(RECORDS FOR PROCESSING)

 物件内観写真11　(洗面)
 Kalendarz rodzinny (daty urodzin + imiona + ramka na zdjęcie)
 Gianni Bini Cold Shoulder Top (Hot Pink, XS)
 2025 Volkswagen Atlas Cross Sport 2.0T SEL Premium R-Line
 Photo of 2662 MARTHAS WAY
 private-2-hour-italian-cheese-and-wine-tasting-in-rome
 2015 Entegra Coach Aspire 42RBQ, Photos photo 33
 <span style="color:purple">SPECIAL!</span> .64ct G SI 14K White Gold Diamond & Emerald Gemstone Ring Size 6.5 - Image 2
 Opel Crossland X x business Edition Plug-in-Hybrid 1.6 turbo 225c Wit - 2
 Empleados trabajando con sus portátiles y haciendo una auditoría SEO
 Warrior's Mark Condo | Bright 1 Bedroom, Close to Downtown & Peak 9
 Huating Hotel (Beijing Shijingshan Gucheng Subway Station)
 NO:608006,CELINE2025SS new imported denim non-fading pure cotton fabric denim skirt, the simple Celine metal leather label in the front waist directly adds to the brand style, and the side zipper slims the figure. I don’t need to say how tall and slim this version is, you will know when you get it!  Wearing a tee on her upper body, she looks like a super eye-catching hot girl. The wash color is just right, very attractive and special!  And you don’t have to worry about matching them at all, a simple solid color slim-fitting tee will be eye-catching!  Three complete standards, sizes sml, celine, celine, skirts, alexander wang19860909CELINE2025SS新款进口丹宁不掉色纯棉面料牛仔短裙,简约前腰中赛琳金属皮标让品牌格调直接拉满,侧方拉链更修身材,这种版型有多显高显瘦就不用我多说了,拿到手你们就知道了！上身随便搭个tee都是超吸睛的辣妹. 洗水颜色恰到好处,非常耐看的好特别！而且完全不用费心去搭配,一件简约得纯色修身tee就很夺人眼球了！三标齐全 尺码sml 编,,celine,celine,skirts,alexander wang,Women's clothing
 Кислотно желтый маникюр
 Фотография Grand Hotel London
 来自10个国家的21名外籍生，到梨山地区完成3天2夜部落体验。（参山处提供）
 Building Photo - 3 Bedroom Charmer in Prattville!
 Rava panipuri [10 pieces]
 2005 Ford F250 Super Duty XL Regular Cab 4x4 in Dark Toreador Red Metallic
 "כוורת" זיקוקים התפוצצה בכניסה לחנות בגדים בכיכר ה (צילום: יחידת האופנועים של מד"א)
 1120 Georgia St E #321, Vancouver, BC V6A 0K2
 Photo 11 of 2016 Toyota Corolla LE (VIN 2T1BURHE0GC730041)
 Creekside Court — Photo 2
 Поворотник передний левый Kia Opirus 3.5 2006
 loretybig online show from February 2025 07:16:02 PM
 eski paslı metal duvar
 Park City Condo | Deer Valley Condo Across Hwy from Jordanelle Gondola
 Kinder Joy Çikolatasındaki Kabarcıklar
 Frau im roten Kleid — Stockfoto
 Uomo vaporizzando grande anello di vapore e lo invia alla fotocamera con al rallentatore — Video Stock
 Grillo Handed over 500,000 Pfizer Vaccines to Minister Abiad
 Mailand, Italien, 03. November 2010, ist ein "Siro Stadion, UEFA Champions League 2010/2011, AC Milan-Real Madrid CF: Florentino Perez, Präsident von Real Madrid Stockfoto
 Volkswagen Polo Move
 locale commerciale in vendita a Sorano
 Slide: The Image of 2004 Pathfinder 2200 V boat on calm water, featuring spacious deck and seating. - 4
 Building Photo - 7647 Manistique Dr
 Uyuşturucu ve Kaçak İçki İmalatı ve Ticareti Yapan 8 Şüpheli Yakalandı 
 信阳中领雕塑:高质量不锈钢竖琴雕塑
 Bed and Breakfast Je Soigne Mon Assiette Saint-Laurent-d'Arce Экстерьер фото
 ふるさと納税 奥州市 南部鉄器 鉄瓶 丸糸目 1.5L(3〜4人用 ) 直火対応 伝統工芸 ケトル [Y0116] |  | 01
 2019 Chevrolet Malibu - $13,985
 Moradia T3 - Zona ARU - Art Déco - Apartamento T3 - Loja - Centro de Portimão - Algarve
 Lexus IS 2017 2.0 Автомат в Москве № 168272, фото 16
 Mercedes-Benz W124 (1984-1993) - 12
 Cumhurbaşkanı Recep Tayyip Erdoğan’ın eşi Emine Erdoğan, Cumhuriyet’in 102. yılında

(End RECORDS FOR PROCESSING)

All lines in the data above from the one with "Uyuşturucu ve Kaçak" through the one with "Lexus IS 2017" must be repeated exactly, and no others.

> _RESPONSE_
 Uyuşturucu ve Kaçak İçki İmalatı ve Ticareti Yapan 8 Şüpheli Yakalandı 
 信阳中领雕塑:高质量不锈钢竖琴雕塑
 Bed and Breakfast Je Soigne Mon Assiette Saint-Laurent-d'Arce Экстерьер фото
 ふるさと納税 奥州市 南部鉄器 鉄瓶 丸糸目 1.5L(3〜4人用 ) 直火対応 伝統工芸 ケトル [Y0116] |  | 01
 2019 Chevrolet Malibu - $13,985
 Moradia T3 - Zona ARU - Art Déco - Apartamento T3 - Loja - Centro de Portimão - Algarve
 Lexus IS 2017 2.0 Автомат в Москве № 168272, фото 16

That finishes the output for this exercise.